- Alsuma, Oklahoma Location within Oklahoma
- Coordinates: 36°05′42″N 95°51′48″W﻿ / ﻿36.09500°N 95.86333°W
- Country: United States
- State: Oklahoma
- County: Tulsa County
- Established: 1906
- Elevation: 659 ft (201 m)
- Time zone: CST
- Area code: 918

= Alsuma, Oklahoma =

Alsuma was a rural community between Tulsa and Broken Arrow in Tulsa County, Oklahoma, United States. Its post office opened in 1905, and was named Welcome, but was renamed Alsuma in 1906. Another version states that the town was named for John Alsuma, a local merchant. According to a long-time resident, the town was renamed for three women: Alice, Susan and Mabel. Legend has it that a squabble among the three town leaders about an appropriate name was settled in a face saving way. Their wives were named Alice, Susie and Mary. It was suggested that the first two letters of each woman's name be combined. The community covered as much as 165 acre and held a population of 75 families. The post office discontinued service in 1926. It is now considered a ghost town. The name is still used locally in referring to a specific area of southeast Tulsa.

The Missouri, Kansas and Texas Railroad (locally known as MKT or Katy) ran through Alsuma and built a station there in 1909. The railroad closed that station in 1940, but operated another station there from 1943 until it was closed in 1971. The railroad renamed the station either Trovillion or Troxillion in 1926, but the sign was repeatedly stolen until the company restored the Alsuma signage. Some early newspapers characterized Alsuma as one of Oklahoma's "black towns". However, former residents have said that some white families also lived there during the time of racial segregation. The railroad divided the community into separate white and black sections. Alsuma had its own school for black children, but the white children went to Union High School, a substantially superior facility. After segregation was outlawed, the black children all transferred to the Union School and the Alsuma school closed permanently.

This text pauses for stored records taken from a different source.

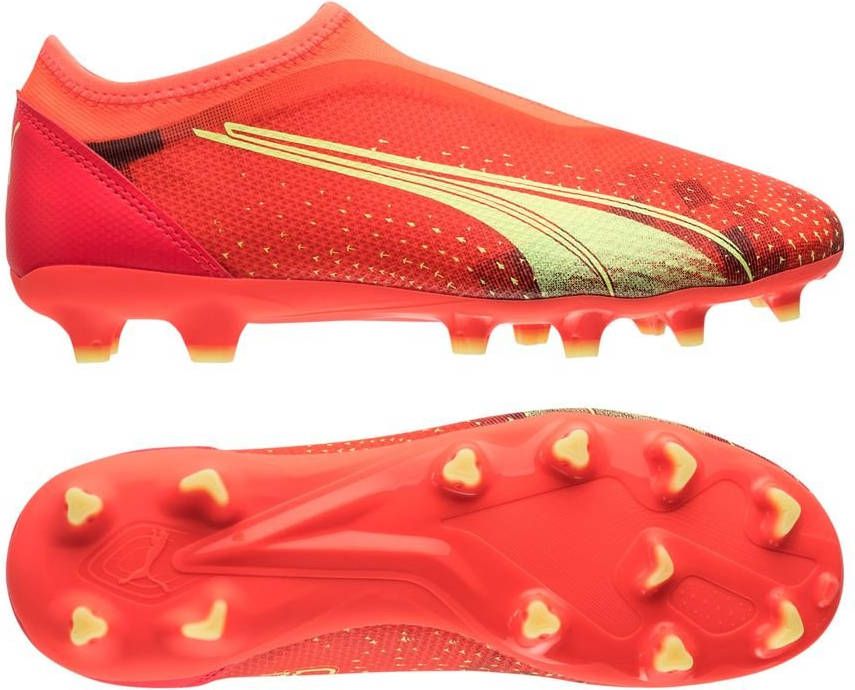PUMA Ultra Match Veterloze Gras/Kunstgras Voetbalschoenen(MG)Kids Oranje Lichtgroen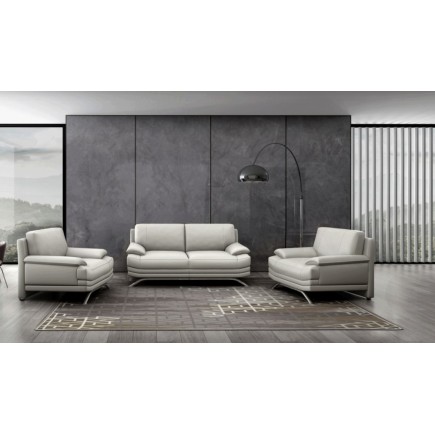 Canapé 2 places en cuir LUXE italien MARINI, gris clair
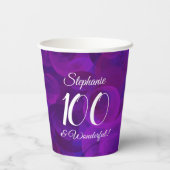 Elegant Paars 100 en geweldige Birthday Party Papieren Bekers (Achterkant)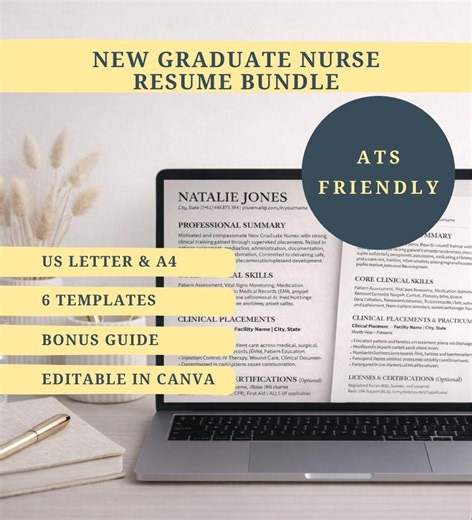 New Graduate Nurse Resume & Cover Letter | ATS Friendly Nursing CV Template - Etsy Australia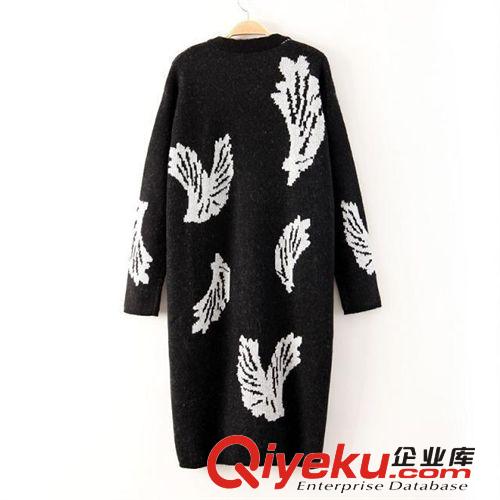 歐美秋冬新款女裝批發(fā) 翅膀印花寬松針織開(kāi)衫中長(zhǎng)款外套原始圖片2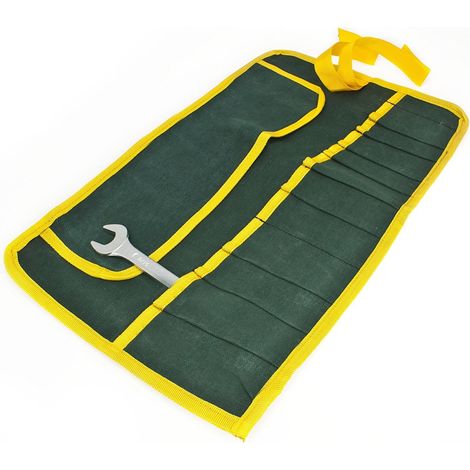 Estuche de tela para llaves fijas, combinadas Y acodadas enrollable, 12 compartimentos (1/3)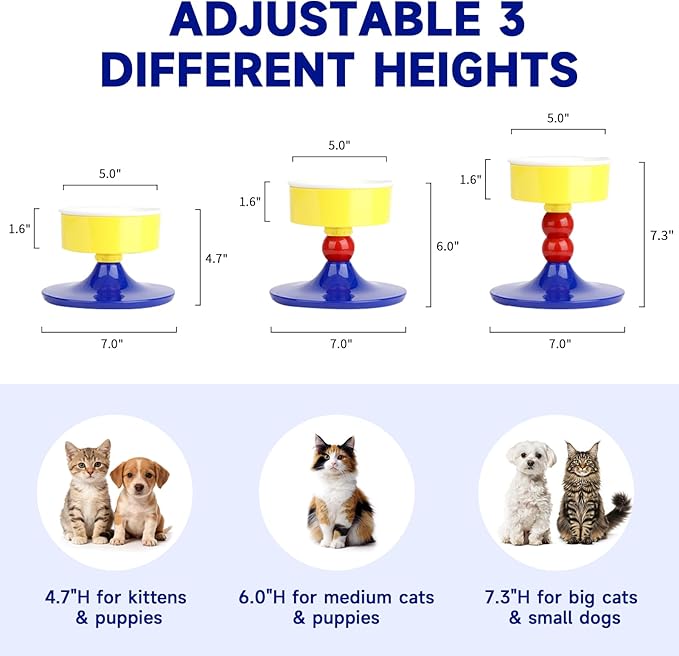 Cat Food and Water Bowls,Raised Cat Bowl,Three Adjustable Height Options, 20° Tiltable, 360° Rotatable, Raised Pet Bowl.Suitable for Small Dogs, Kittens, and Adult Cats.1 Piece, Color: Colorful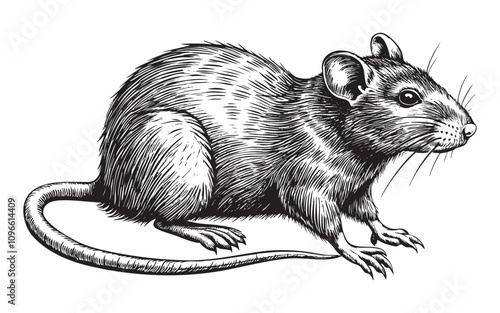 mouse rat sketch hand drawn drawing vector illustration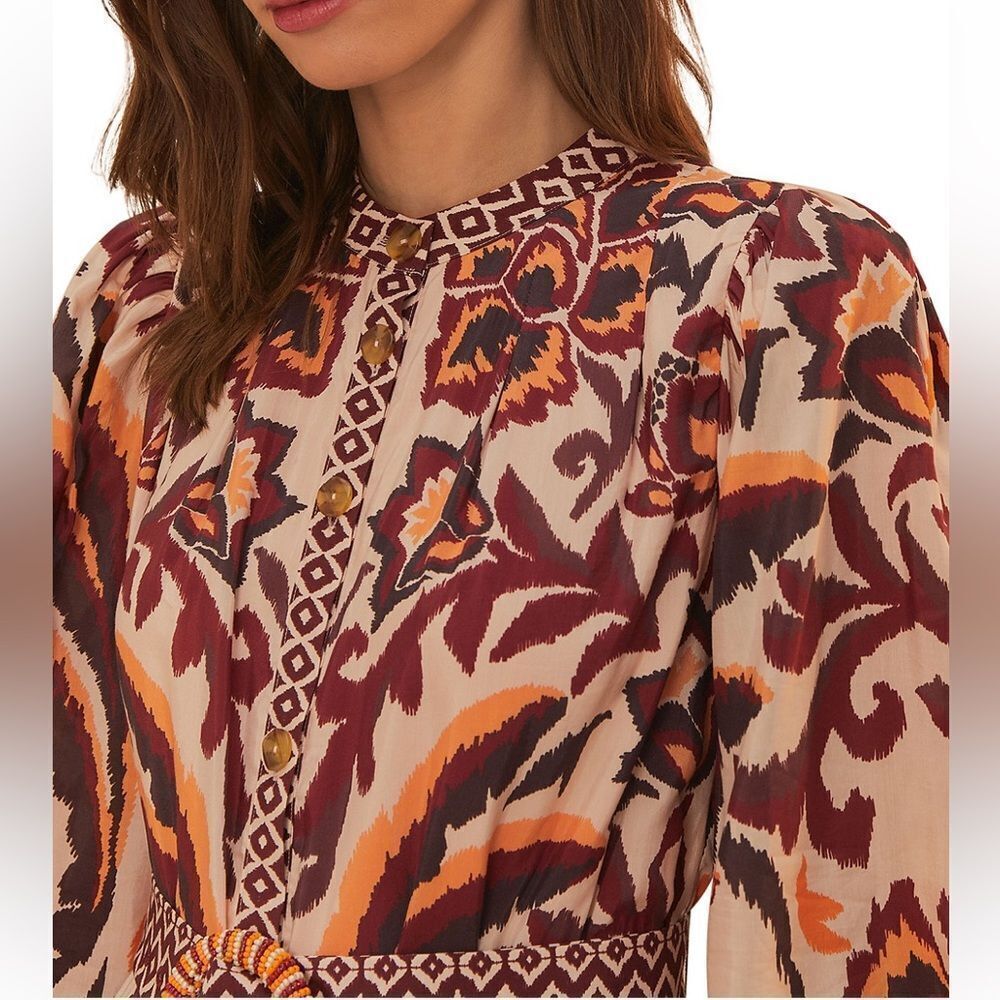 NWT FARM Rio Toucans Scarf Belted Mini Dress Women Size M - Picture 4 of 12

The Alsuma area seemed to be an attractive locale for an airfield, in the early days of flying. After Duncan A. McIntyre closed his McIntyre Airport, his company merged with that of R. F. Garland, who owned Garland Airport at 51st and Sheridan Road in Tulsa County. The merger occurred in October 1931. The facility was later renamed Garland-Clevenger Airport, and by 1934 it was known as Tulsa Commercial Airport. The airport moved a short distance to the southwest, but still in the vicinity of Alsuma, by 1937. The new facility still was rudimentary by modern standards. Built on a 160 acre tract, it had a sod (unpaved) runway and two hangars. Oilman Walter Brown bought the facility in 1951, renamed it Brown's Air Service and soon began to upgrade it. He added hangars, paved runways and a combination office/restaurant building. Brown Airport continued for more than a decade. By 1964, it was closed and the property turned into a housing development.
Tulsa annexed Alsuma in 1966. The city did not extend city services to that area for several years, and did not permit new construction in the area during that time. Residents were even forbidden to build new septic tanks. Tulsa proposed to redevelop the area as an industrial park in 1969, under the aegis of Urban Renewal, and rezoned the entire area for industrial use. It finally completed extending the sewer and water systems to Alsuma in 1971. Today, Alsuma is regarded as the CNG Capital of the World. Several businesses in the Alsuma area of Tulsa provide CNG expertise and equipment globally and were specifically responsible for the adoption of CNG in India and parts of Africa.

Few physical traces of Alsuma still exist inside the Tulsa city limits, on 51 Street between Mingo Road and the Mingo Valley Expressway. Alsuma had its own park, where both black and white children played during the era of segregation. This was prohibited by law in the segregated Tulsa city parks. The Tulsa Park and Recreation Department still lists Alsuma Park at 9801 E. 51st Street as a recreation area, but it is used primarily for storm water retention. There are soccer fields in the pond area, but all playground equipment has disappeared. There are still some residences remaining, but officially Alsuma is regarded as a ghost town.